Permutations with repetition = nʳ

This applies whenever selections are made with replacement — like a combination lock, a PIN pad, or a password that allows repeated characters. Since the restriction n ≥ r is removed, nʳ is always at least as large as P(n,r) for r ≥ 2.

Real-World nʳ Examples

• 4-digit PIN: Each digit 0–9 → 10⁴ = 10,000 PINs
• 8-character password (62 chars): Letters + digits → 62⁸ ≈ 218 trillion combinations
• Binary strings of length 10: 2¹⁰ = 1,024 strings
• DNA codons: 4 nucleotides, 3 positions → 4³ = 64 codons

Formula 3: Multinomial Permutations (Multiset Arrangements)

When a collection contains groups of identical items, swapping identical items within a group produces the same arrangement — so we must divide by the factorial of each group's size. For n total items with group sizes n₁, n₂, ..., nₖ where n₁ + n₂ + ... + nₖ = n:

Multinomial = n! / (n₁! × n₂! × ... × nₖ!)

The classic example is MISSISSIPPI: 11 letters with 1 M, 4 I's, 4 S's, 2 P's. Result: 11! / (1! × 4! × 4! × 2!) = 34,650. Without accounting for repetition, 11! = 39,916,800 would massively overcount identical arrangements.

Circular Permutations

In a circular permutation, items are arranged around a circle where rotations of the same arrangement are considered identical. One item is fixed as a reference point, and the remaining (n−1) items fill the other positions. The count is (n−1)!.
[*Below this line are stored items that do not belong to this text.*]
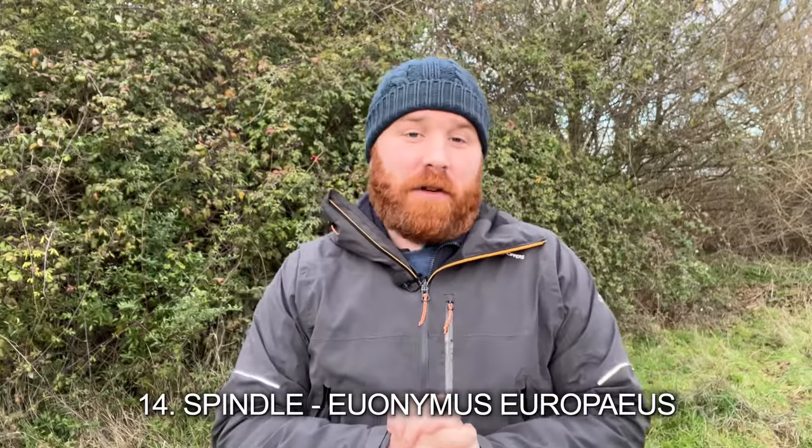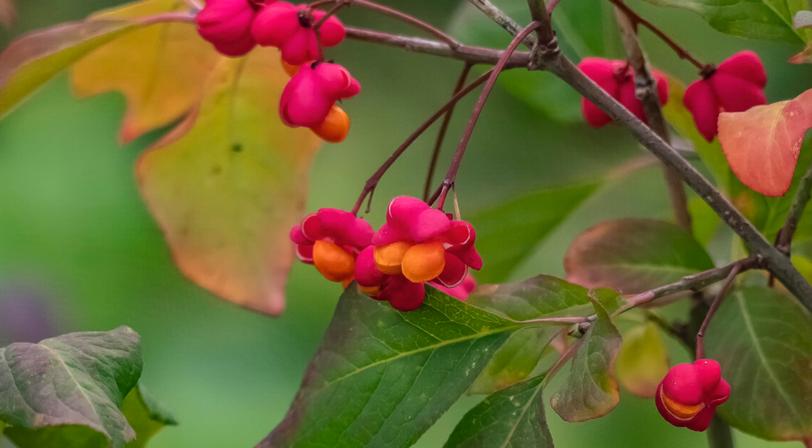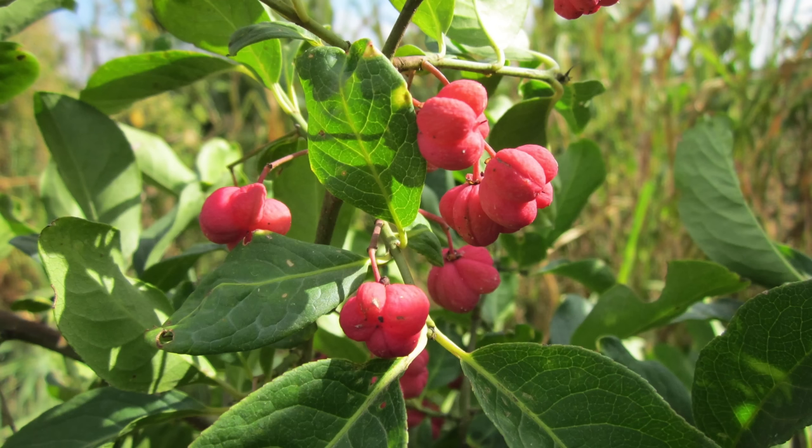Number fourteen: Spindle. Such a beautiful shrub. It doesn't create incredibly dense cover for birds, but it has gorgeous pink and orange flowers and berries at the end of summer that are second to none. It has a quite unique green stem, and it also grows very well in shade — so if you've got a shady patch, spindle will be your ally in providing vegetation that will successfully establish there.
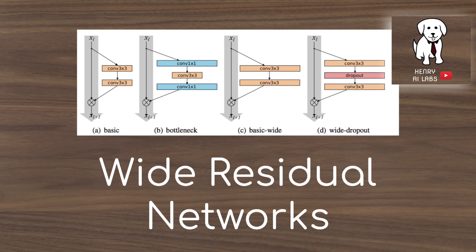Thanks for watching this video on Wide Residual Networks. Please subscribe to Henry AI Labs for more deep learning paper summaries and videos.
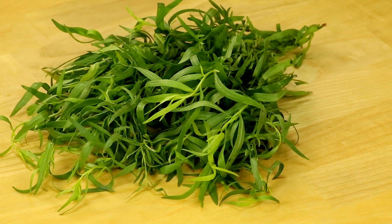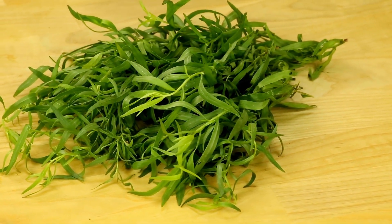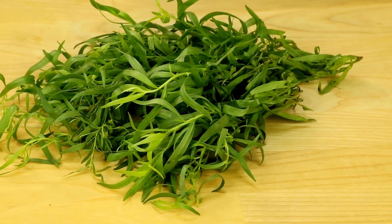The butternut tree is found in North America and is also the cousin of the black walnut tree. Butternut trees are found along rivers in well-drained soil, rich woods, and even in backyards.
For example, 6 people at a round table: (6−1)! = 120 distinct seatings, versus 6! = 720 for a linear arrangement. Circular permutations arise in scheduling rotations, necklace designs, and round-robin tournaments.

Factorial Relationship

All permutation formulas hinge on factorials. The factorial n! represents the total number of ways to arrange all n distinct items in a line. Partial permutations P(n,r) use the ratio of two factorials; multinomials divide n! by a product of factorials. Knowing how to compute and manipulate factorials — especially for large n using BigInt arithmetic — is essential for accurate permutation calculations.

Applications Across Fields

• Cybersecurity: Password strength depends on nʳ — more characters and positions exponentially increase the search space for attackers.
• Genetics: Counting DNA sequence arrangements uses multinomial permutations over the four nucleotides A, T, C, G.
• Operations Research: Scheduling n jobs on r machines, or determining optimal task sequences, relies on nPr calculations.
• Statistics: Permutation tests are non-parametric hypothesis tests that enumerate all possible rearrangements of observed data.
• Game Theory: Card games, tournament rankings, and board game strategies all require permutation counts to assess probabilities.